The only surviving nineteenth-century building on Market Street in Hartford is a former church building at no. 125. It was built in 1855 as St. Paul’s Episcopal Church, a mission to the immigrants who once lived on Hartford’s East Side. In 1880, it was sold and became the German Lutheran Church of the Reformation. In 1898, it became St. Anthony’s Roman Catholic Church, which served the neighborhood’s Italian-American population. In 1958, St. Anthony’s merged with St. Patrick’s Church and the former St. Anthony’s Church building became a Catholic information center. Today, it is used by Catholic Charities Migration and Refugee Services. The church no longer has its original steps up to what was once the front door.

At the church’s northeast corner is an eighteenth-century grave, protected by a deed restriction. As described in Commemorative Exercises of the First church of Christ in Hartford, at its Two Hundred and Fiftieth Anniversary (1883), “The monument of Dr. Norman Morison, who died in 1761, and was buried in his own garden, still stands in front of St. Paul’s church on Market street, with that of another of his family.” Dr. Norman Morrison (1690-1761) had a property that stretched to Main Street. His house there was later moved to Trumbull Street.

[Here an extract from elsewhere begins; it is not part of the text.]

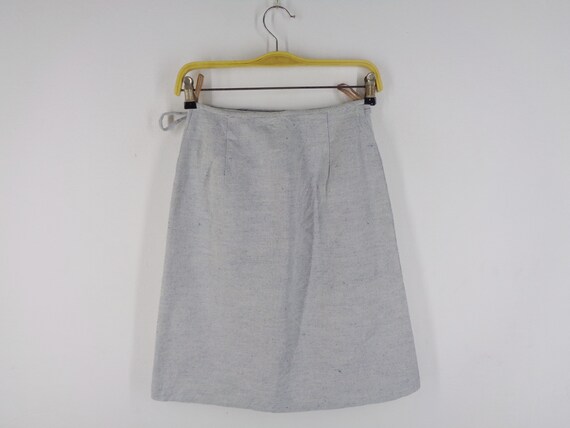 Burberry Skirt Vintage Size 36 Burberry Wrap Skir… - image 5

The Laurens P. Hickok House (1831)

Laurens Perseus Hickok served as minister at Litchfield’s First Congregational Church from 1829 to 1836. His early published addresses include The Sources of Military Delusion and the Practicability of their Removal (1833) and A Sermon Preached at Litchfield, Conn., at the Funeral of Col. Benjamin Tallmadge, March 12, 1835. Hickok was later a professor and wrote such works as Rational Psychology (1849), A System of Moral Science (1853), Empirical Psychology (1854), Rational Cosmology (1858), Creator and Creation (1872), Humanity Immortal (1872), and The Logic of Reason (1875). Built in 1831, his Greek Revival house is located at 134 North Street in Litchfield.

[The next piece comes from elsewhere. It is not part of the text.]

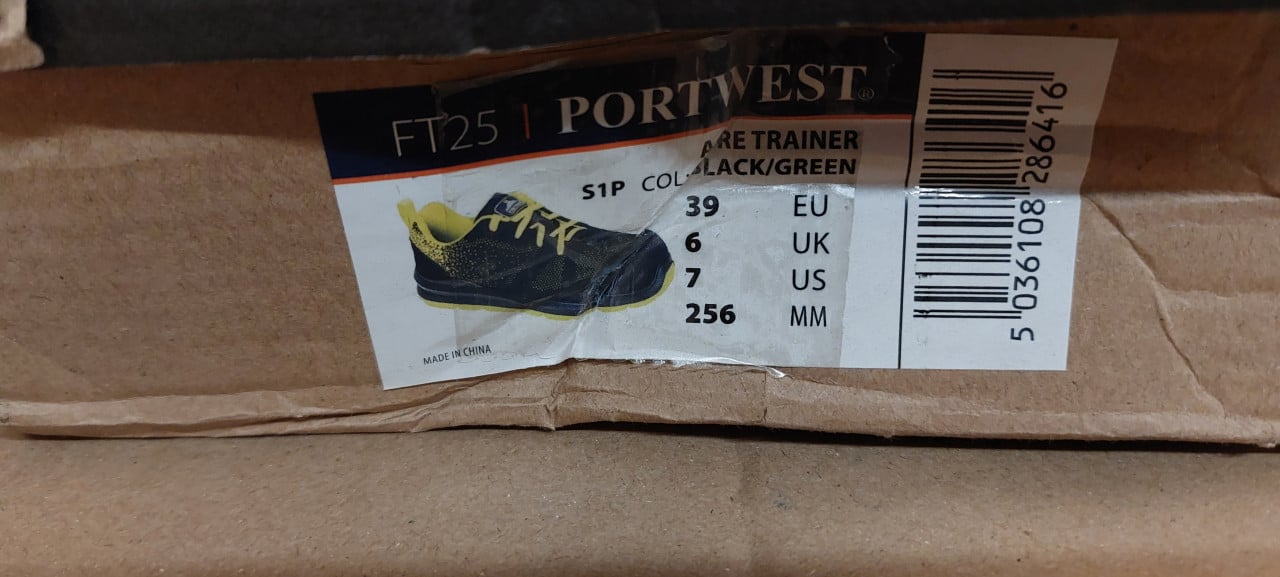 Portwest FT25 veiligheidsschoenen maat 39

Avery Memorial Building, Wadsworth Atheneum (1934)

The Wadsworth Atheneum art museum in Hartford consists of four connected structures. Three of them can be seen, lined up adjacent to each other, on Main Street: the original Atheneum building (1844), the Colt Memorial Building (1906) and the Morgan Memorial Building (1910). The fourth section, the Avery Memorial Building, is on Atheneum Square and Prospect Street, behind the 1844 building. Samuel P. Avery left his art collection and funds to construct a building to house it. The Avery Memorial, built in 1934, was designed by the firm of Morris & O’Connor to have a minimum of decorative ornament. The interior has the earliest International Style interior of any museum in America.

Colton-Hayes Tobacco Barn (1914)

The Colton-Hayes Tobacco Barn in Granby was built in 1914 by Fred M. Colton and was given to the Salmon Brook Historical Society by his daughters in 1976. It is now a museum, located with the Society’s other buildings on Salmon Brook Street. The barn contains a diverse collection representing many aspects of Granby’s past. Adjacent to the barn is the Bushy Hill Mail Hut, which once stood where Barndoor Hills Road meets Bushy Hill Road in the Granby community of Bushy Hill.